Many suspicions so far, and Sooman Lee’s insistence

At the time of last year’s investigation, the charges against Lee are listed below.
First of all, he was suspected of profit-taking in KOSDAQ by adopting an expedient. By this expedient, the prosecution assumed that Lee pulled in approximately $13,000,000 by stock of SM entertainment. In addition to Sooman Lee’s suspicion of earning ten million of margin profit from the merger with 4M Entertainment’s training agency which costs $50,000, Lee was also under suspicion of taking $3,000,000 of cash income by selling stock of KOSDAQ in May of last year.
However, the prosecution had been more focused on the investigation on the embezzlement which occurred in the company. Especially, in August of 1999, the Public Prosecutor stated that Lee had embezzled $1,100,000 in the form of foreign payment of capital which was embezzled in the process to increase capital.
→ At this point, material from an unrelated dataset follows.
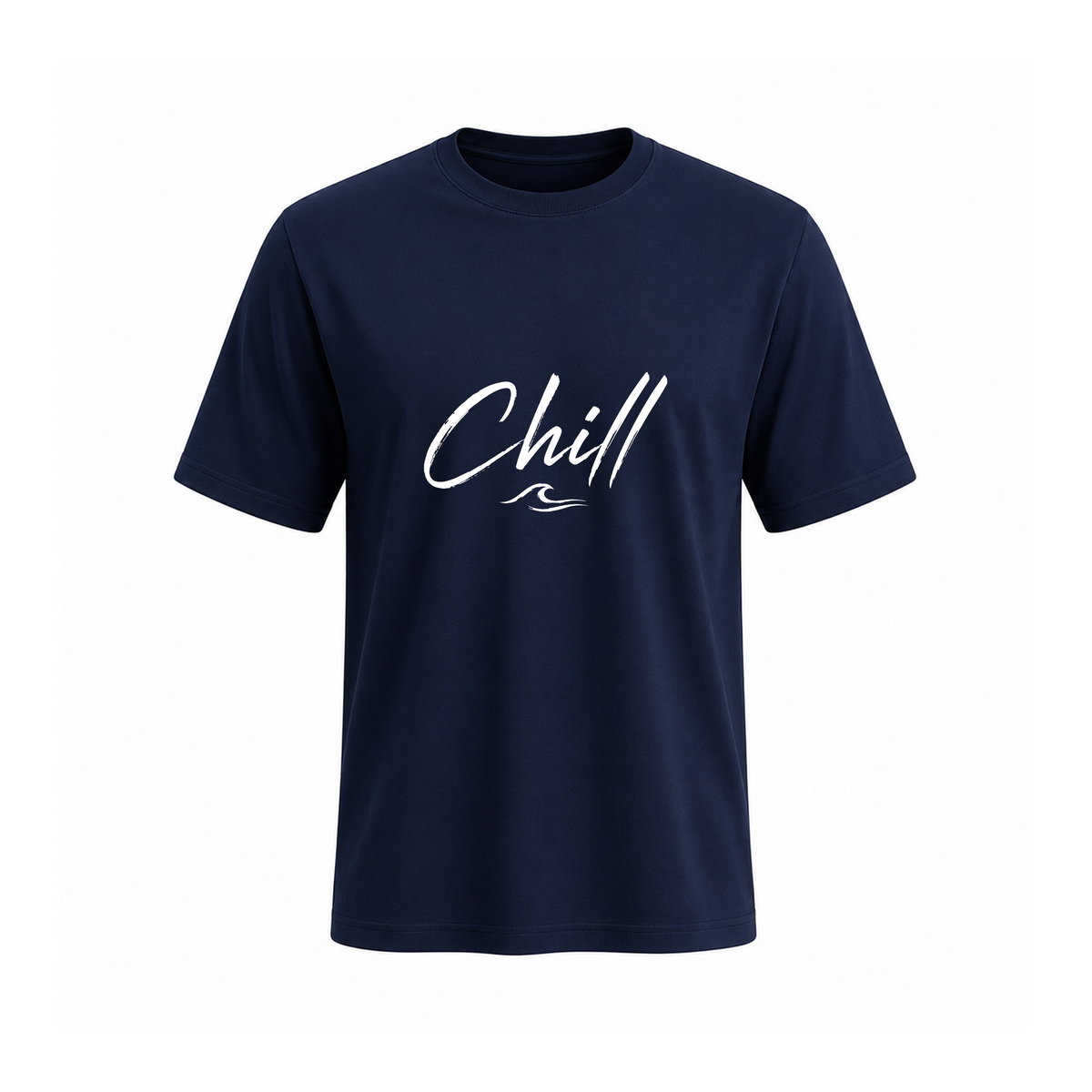 SIIEGE Chill Soft Cotton Navy blue T-Shirt For Men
The Prosecution said they were investigating the use of the $1,100,000.
The problem is that while Lee stayed abroad, Kyeongwook Kim, an executive of SM entertainment, was indicted for those crimes in Lee’s stead, but he was acquitted to part of those crimes. Thus, the indictment on Lee could only become more complicated.
Last year, the investigation on entertainment corruption was launched based on allegations of “PR fees”(T/N: Euphemism for bribes, including those of a sexual nature). The whole investigation was started by one NGO group, Solidarity Groups for the Reform of Popular Music (i.e. DKR), which reported the practice of entertainment companies exchanging “PR fees”. After that report, the Prosecutor’s Office said that they would investigate the PR fees related to SM entertainment. However, as the investigation proceeded, the issue of PR fees gradually disappeared, and the Prosecution did not even mention PR fees when they recently summoned Lee.
Last year, during the investigation, our newspaper revealed a list of SM Entertainment’s stockholders. In the list, financial firm _____’s Lee chairman had 6,000 shares, Pastor Choi had 40,200 shares, and other entertainers and representatives of broadcast stations were also on the list. For this reason, based on the stockholders’ list, Prosecutors suspected high instances of bribery in the form of PR fees between the entertainment world and the political world.
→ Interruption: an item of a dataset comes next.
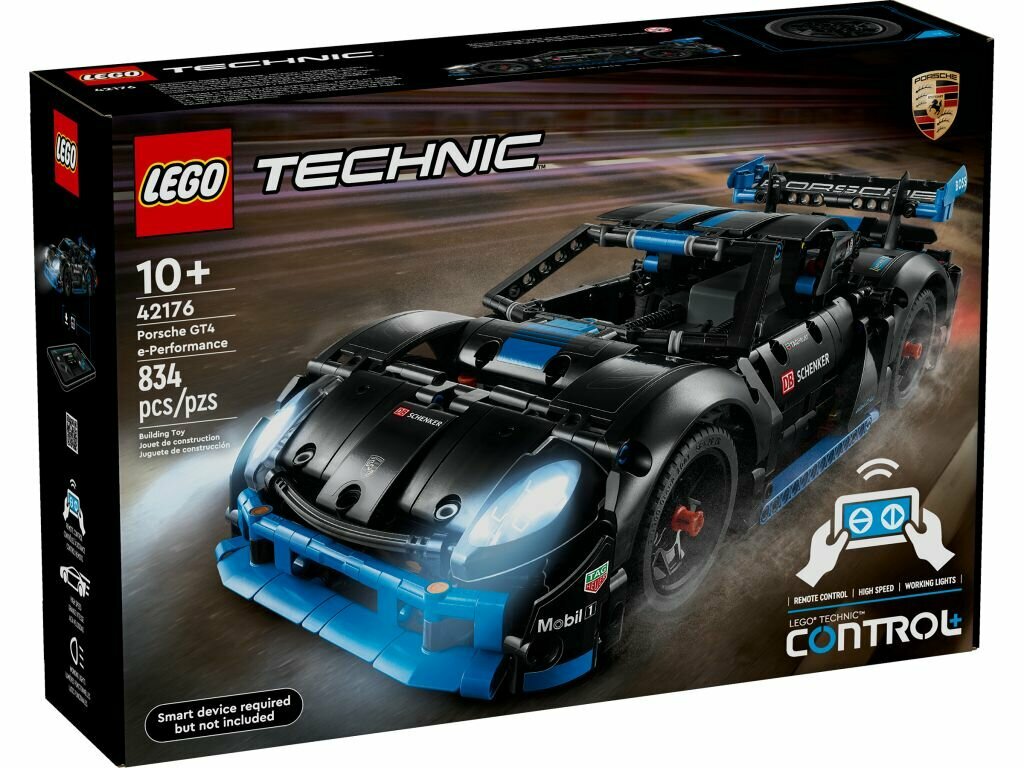 Конструктор LEGO Technic Porsche GT4 e-Performance Race Car 42176, 834 детали, от 10 лет — фото 1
The investigation related PR fees make a slow progress

The most unsatisfying part about this investigation from the point of view of the entertainment industry is the loss of focus on PR fees. This bribery issue was the most important part in last year’s investigation, and everyone had expected that this investigation of the entertainment industry could be a turning point for reforming the practice of PR fees which had been the reasonable custom so far. However, the prosecution actually failed to disclose the true nature of this bribery. Therefore, when Sooman Lee, and Sewon Seo, who were the key suspects of the investigation, returned to Korea, people expected the Prosecutor’s Office to proceed into the inquiry on PR fees. However, the actual prosecution’s investigation focused on the manipulation of stock or embezzlement. These parts could be the tangible accomplishments for the Prosecutor’s Office, but these would not help the basic structural reform of the entertainment business world. Cultural Action and DKR, the non-government organizations which did demonstration against Sooman Lee, insisted that “the Prosecution’s investigation is essential to construct a transparent structure for the entertainment industry”. The organizations also asserted that “we express our concern over the slow progress of the investigation that had been proceeding since last year.” Especially about the part on PR fees, the Chairman of DKR stated that “the slow process of the investigation is a shame. It appears that the investigators did not even consider our report” (related reference in his interview)
Lee has denied all suspicions put on him. He explained about the embezzlement in the company that “I embezzle nothing. I already submitted related data to the prosecution last week. He also asserted his innocence of price-taking by selling stock saying that “How can I make the profit even when I did not sell the stock? There was no advantage of selling stock because the stock price had dropped at the time.” Seong Il Baek, a lawyer of Sooman Lee, already passed an enormous amount of data to the Prosecution, and he still keeps providing additional data.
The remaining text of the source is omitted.